Les images sont désastreuses. Et feront date. Un président de la République
copieusement hué par des paysans survoltés, des CRS déployés en nombre dans les
allées d’une foire agricole devenue foire d’empoigne, sans doute l’exécutif ne
pouvait pas imaginer pire entrée en matière.

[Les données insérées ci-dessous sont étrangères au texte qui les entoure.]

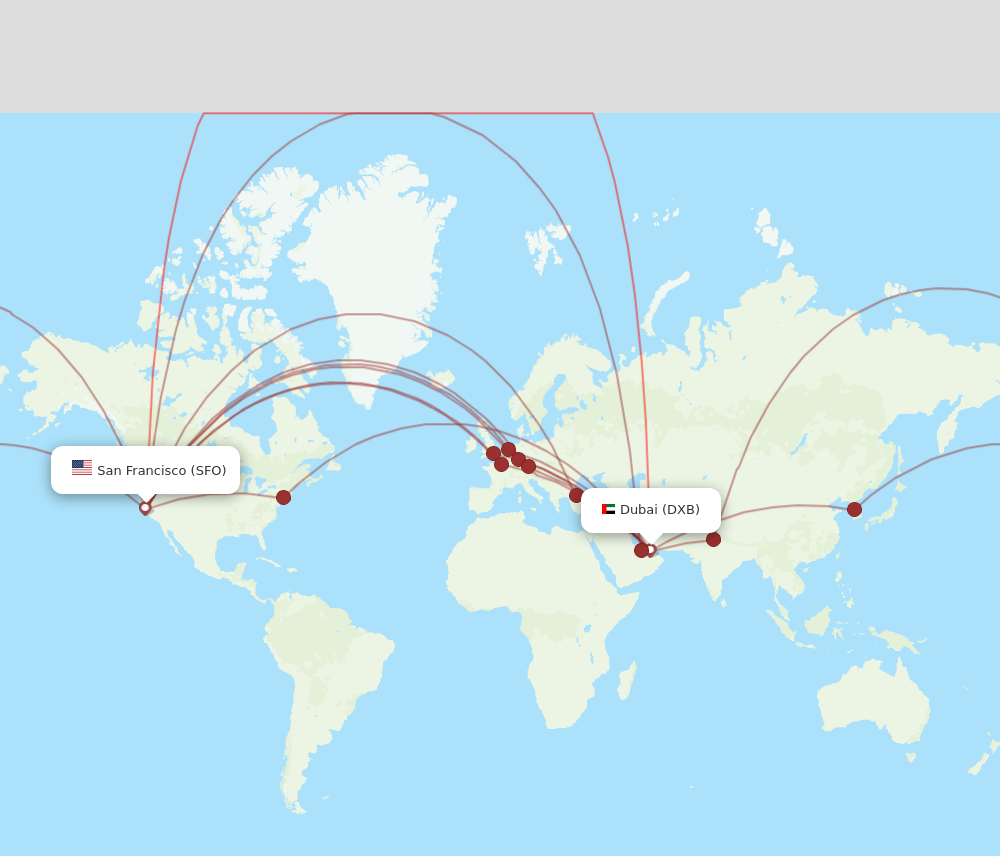 DXB to SFO flights and routes map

La stratégie de la mesurette a fait long feu. En dépit de l’extrême
hétérogénéité du monde agricole et des revendications – souvent contradictoires
– exprimées tous azimuts depuis plus d’un mois, il est un dénominateur commun à
leur colère qu’Emmanuel Macron n’a plus pu éluder : la question cruciale
du revenu paysan.
« L’objectif, c’est que nous
puissions avoir, filière par filière, des prix planchers », a lâché le chef de l’État. Un double
désaveu de haute voltige. À l’endroit de son ministre de l’Agriculture d’une
part – Marc Fesneau jugeait, fin janvier, la mesure « démagogique » –,
des députés de son propre camp d’autre part qui ont rejeté en bloc, en novembre
dernier, une proposition de loi reprenant celle déposée dès 2013 par le député
communiste André Chassaigne et allant en ce sens.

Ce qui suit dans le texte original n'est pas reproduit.